A juste titre, le rapport souligne que les enjeux de cette question dépassent le simple retour matériel des objets : il s’agit de recouvrer une mémoire, de mieux appréhender l’histoire coloniale et de réparer ce qui peut encore l’être, afin d’ouvrir « une nouvelle ère dans les relations entre l’Afrique et la France, et plus largement l’Europe ». La majorité d’entre nous s’accordent de fait à reconnaître qu’il y a un déséquilibre excessif entre le nombre d’œuvres d’art africain se trouvant en Occident et en Afrique. L’enjeu n’est donc pas tant celui de la propriété que celui de la présence en Afrique de ces objets.
Face à une situation nouvelle, il faut des solutions nouvelles. En voici une, qui n’est pas exclusive d’autres qui, ensemble, pourraient par petites touches aboutir au résultat que nous cherchons. Il s’agirait d’instituer une obligation de prêt : les collections publiques seraient obligées par la loi de prêter tout objet de leur collection répondant aux critères de « restitution » à toute institution africaine qui le réclamerait pour l’exposer.
Cette obligation aurait vocation à être permanente et ne serait pas seulement mise en place en attendant la mise en œuvre d’une restitution définitive du patrimoine africain, évitant ainsi le clivage entre les objets restitués et les objets conservés. Elle aurait aussi l’avantage d’éviter les questions d’origine et de propriété, le problème des frontières et des usages légitimes, tout en permettant de traiter la question au niveau panafricain, mettant ainsi l’accent sur la solidarité continentale. Elle poserait en somme la question en termes de circulation et d’accès, et non pas de propriété et d’identité. Elle répondrait à une injustice non par une simple réparation, mais par l’invention d’un nouveau droit, plus universel et mieux adapté au contexte de mondialisation dans lequel nous nous trouvons.
Bien entendu, cette obligation de prêter est encore à penser dans le détail : durée, conditions du prêt, nombre d’objets pouvant être demandés, prise en compte des prêts existants, personnes habilitées à faire la demande, etc. Mais elle ne présente aucune difficulté technique rédhibitoire.

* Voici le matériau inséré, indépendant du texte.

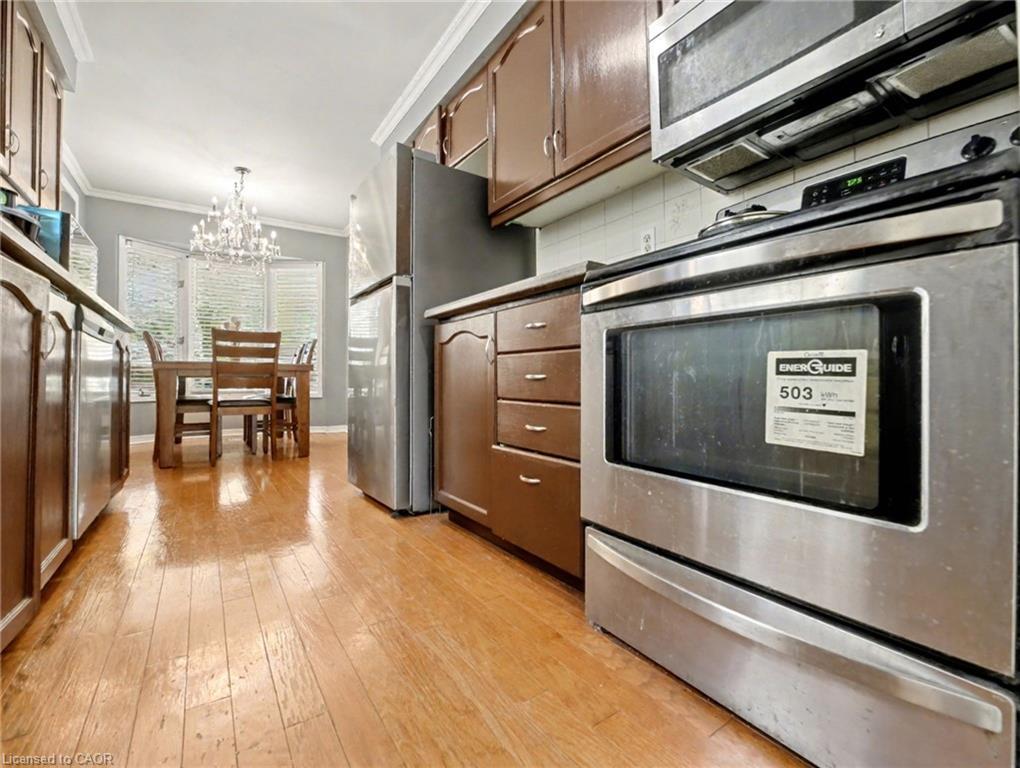 635 Rexford Drive, Hamilton, ON - Indoor Photo Showing Kitchen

Renforcer les échanges culturels
L’échelle continentale ne devrait pas valoir d’ailleurs uniquement du côté des bénéficiaires de ce droit. L’histoire a assez montré que la spoliation ne peut pas se comprendre uniquement comme une relation entre tel et tel pays, mais bien entre l’Europe et l’Afrique dans leur ensemble. On peut donc imaginer que cette obligation de prêt, ayant vu le jour en France, ait pour vocation de s’étendre à l’Europe. Ce fut le cas du droit de suite, d’abord instauré en France en 1920 avant de faire l’objet d’une directive européenne en 2001.
Cela irait dans le sens des objectifs politiques clairement affichés. Dans la déclaration du Caire de 2000, lors du premier sommet Union européenne-Afrique, les deux continents se sont engagés à « accorder une place importante à la coopération culturelle entre l’Afrique et l’Europe » (article 110). De même, la déclaration de stratégie commune UE-Afrique de 2007 rappelle, dans son article 78, la volonté des deux continents de partager un accès à leur culture respective et de renforcer leurs échanges dans ce domaine.
Si notre droit communautaire positif n’autorise pas aujourd’hui de légiférer directement au niveau européen, le cas de la restitution du patrimoine africain appelle à un changement. Après tout, la construction de l’Union européenne ne coïncide-t-elle pas avec la fin des empires coloniaux et ne s’agit-il pas de refonder notre relation avec l’Afrique à l’ère postcoloniale ? Que l’Europe de la culture naisse sur le cas de la restitution du patrimoine africain constituerait plus qu’un symbole : une leçon d’histoire.
Luc Saucier est avocat aux barreaux de New York, Paris et Bruxelles, spécialiste de l’art.